Keiko Fujimori asumirá la presidencia de Perú luego de ganar las elecciones con una diferencia de menos de 50 mil votos sobre su rival, Roberto Sánchez, en uno de los procesos electorales más cerrados de la historia reciente del país.
La política de 51 años es líder del partido Fuerza Popular y, tras tres intentos fallidos desde 2011, finalmente alcanzó la presidencia. Con ello, se convierte en la segunda mujer en ocupar el cargo, después de Dina Boluarte.
Hija del expresidente Alberto Fujimori, Keiko inició su carrera política desde muy joven, cuando asumió el papel de primera dama tras la separación de sus padres. Posteriormente fue congresista y se consolidó como una de las figuras más influyentes de la política peruana.

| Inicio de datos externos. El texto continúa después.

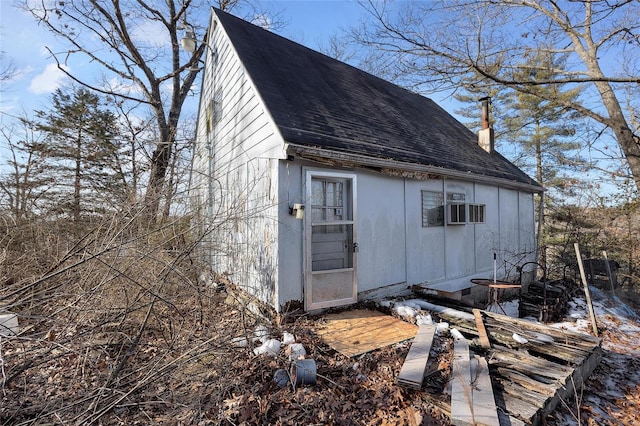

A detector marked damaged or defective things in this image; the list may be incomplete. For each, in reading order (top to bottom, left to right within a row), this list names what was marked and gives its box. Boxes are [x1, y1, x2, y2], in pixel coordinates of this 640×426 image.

broken wooden board [316, 310, 418, 356]
broken wooden board [398, 322, 438, 390]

Su llegada al poder mantiene dividido al país. Mientras sus simpatizantes destacan el legado de su padre en materia de seguridad y estabilidad económica, sus detractores recuerdan las condenas por corrupción y violaciones a los derechos humanos que marcaron el gobierno de Alberto Fujimori.
Durante su campaña, Keiko prometió combatir la delincuencia y recuperar el orden, además de impulsar la economía en un contexto de inestabilidad política que ha llevado a Perú a tener múltiples presidentes en los últimos años.
La nueva mandataria enfrentará el reto de gobernar un país polarizado y reconstruir la confianza ciudadana en las instituciones, en medio de un escenario político complejo.